§ **TASK**
Could you give the listing again exactly, without its pictures?

§ **EXERCISE DATA**
━━━

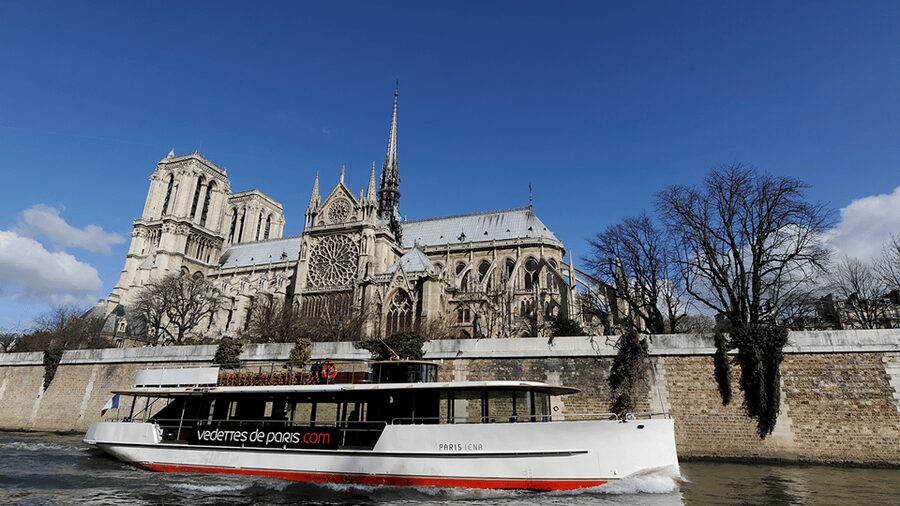 Paris: Champagne Tasting Cruise Departure from Eiffel Tower - Price and value: is $93 for an hour worth it?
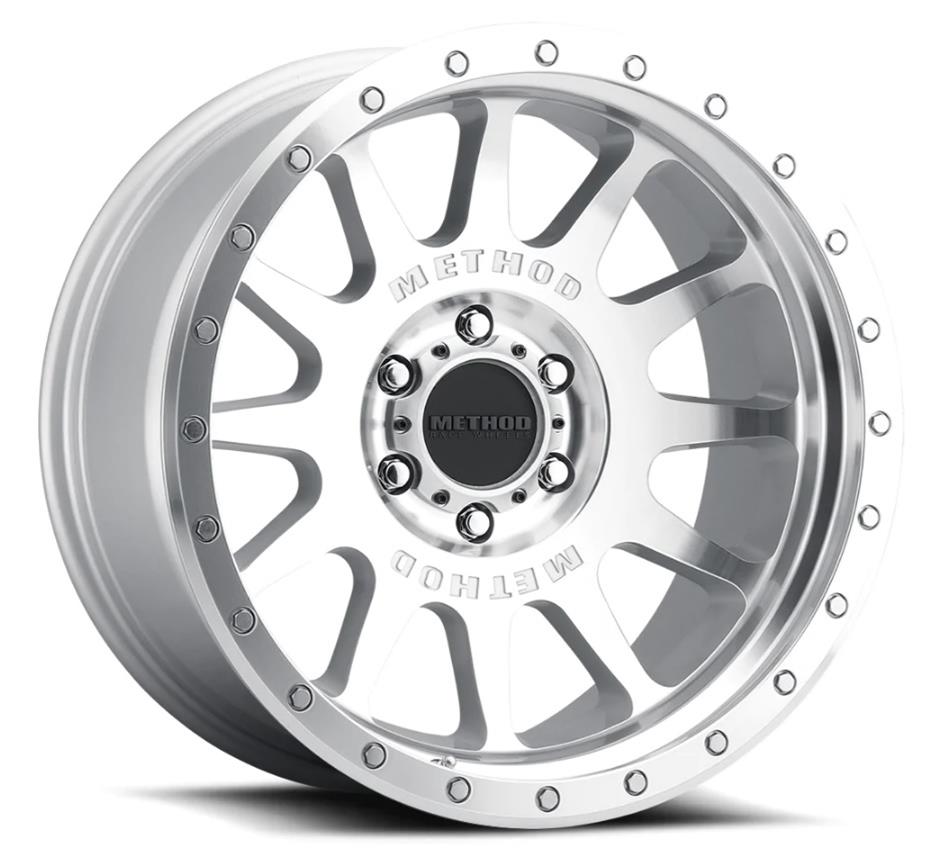 MRWMR60521050324N 20 x 10 in. Wheel Size 5 x 5 in. Bolt Pattern 24 mm Offset 71.5 mm Center Bore Wheel, Clear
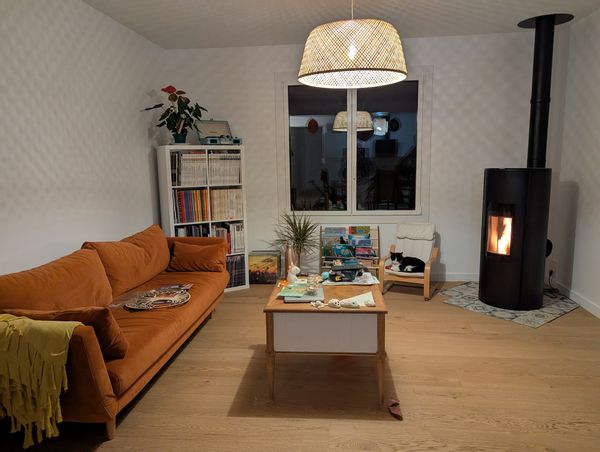 Maison familiale avec jardin, terrasse & charme authentique — à 15 min de la mer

━━━

§ **ANSWER TO THIS TASK**
 Paris: Champagne Tasting Cruise Departure from Eiffel Tower - Price and value: is $93 for an hour worth it?
 MRWMR60521050324N 20 x 10 in. Wheel Size 5 x 5 in. Bolt Pattern 24 mm Offset 71.5 mm Center Bore Wheel, Clear
 Maison familiale avec jardin, terrasse & charme authentique — à 15 min de la mer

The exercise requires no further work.